The purpose of paragraph 353 is to decide if the person making further submissions qualifies for protection as a refugee or is eligible for humanitarian protection; only if that claim is rejected does the paragraph then require the Home Office to determine if it meets the criteria to be a fresh claim as defined in paragraph 353.

So, further submissions are the process by which someone who has already been refused protection (refugee status or humanitarian protection) maintains that they are at risk of persecution or serious harm if returned to their country of nationality (or origin).

A fresh claim is a decision by the Home Office that, although they have rejected the further submissions and concluded that the person still does not require protection, there is enough in the case to meet the definition of a fresh claim.

This means that a decision must be taken, first of all, as to whether the person needs protection. It obviously is not done in a vacuum but the Home Office is wrongly considering the further submissions using the definition of a fresh claim.

It is useful to look at the criteria for deciding that a new asylum claim is a ‘fresh claim’ and therefore one which attracts a right of appeal.

Firstly, the first part of the test is that the content of the further submissions has “not already been considered”

This does not mean that there can be no reference to the original claim. Key parts of an original claim may not, for example, have been drawn out or substantiated with documentary evidence, important elements of the claim may have been misunderstood or not even disclosed because the person claiming asylum was not aware of what was important or not able to disclose it, for example because of trauma. In addition, they may not have known what evidence was needed or not been able to obtain documentary evidence to substantiate their claim.

Secondly, the next part of the test is that the new claim, “taken together with the previously considered material, created a realistic prospect of success, notwithstanding its rejection”

In other words, a different Immigration Judge might reach a different conclusion even though one Judge has already dismissed the appeal and the Home Office is not persuaded to grant protection at that stage.

However, before you get to that test, there is a decision to be made by the Home Office, according to section 353, as to whether to accept the new claim and grant some form of protection.

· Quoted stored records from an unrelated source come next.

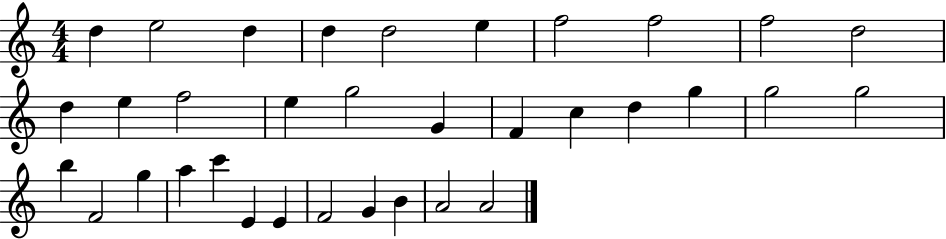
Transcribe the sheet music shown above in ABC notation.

X:1
T:Untitled
M:4/4
L:1/4
K:C
d e2 d d d2 e f2 f2 f2 d2 d e f2 e g2 G F c d g g2 g2 b F2 g a c' E E F2 G B A2 A2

The difference between further submissions and fresh claims

As outlined above, further submissions are the process by which the Home Office considers whether a person, who has already been refused protection, is in fact at risk of persecution or serious harm if returned to their country of nationality (or origin). There is no prescribed procedure for this in the Immigration Rules. The process adopted by the Home Office includes completion of a form (not compulsory), booking and attending an appointment at the Home Office in Liverpool (with a few exceptions such as those detained) and a decision on whether to accept or reject the claim that the person is indeed in need of protection.

Only then should the criteria for what constitutes a fresh claim be applied.

However, the Home Office mixes the two stages, with guidance on further submissions stating:

“Caseworkers must usually consider such further submissions …. by applying paragraph 353 of the Immigration Rules.”

Guidance on Further submissions (page5)

NO! Paragraph 353 should be applied only if the further submissions have been considered and protection still not granted.

The guidance continues:

“If the material, in whatever form it takes, has previously been considered by the Home Office or by an Immigration Judge at appeal, the first test required in paragraph 353 is not met and there is no fresh claim. In such cases, it is not necessary to consider whether the material creates a realistic prospect of success (the second test) and the further submissions can be rejected without being considered as a fresh claim.”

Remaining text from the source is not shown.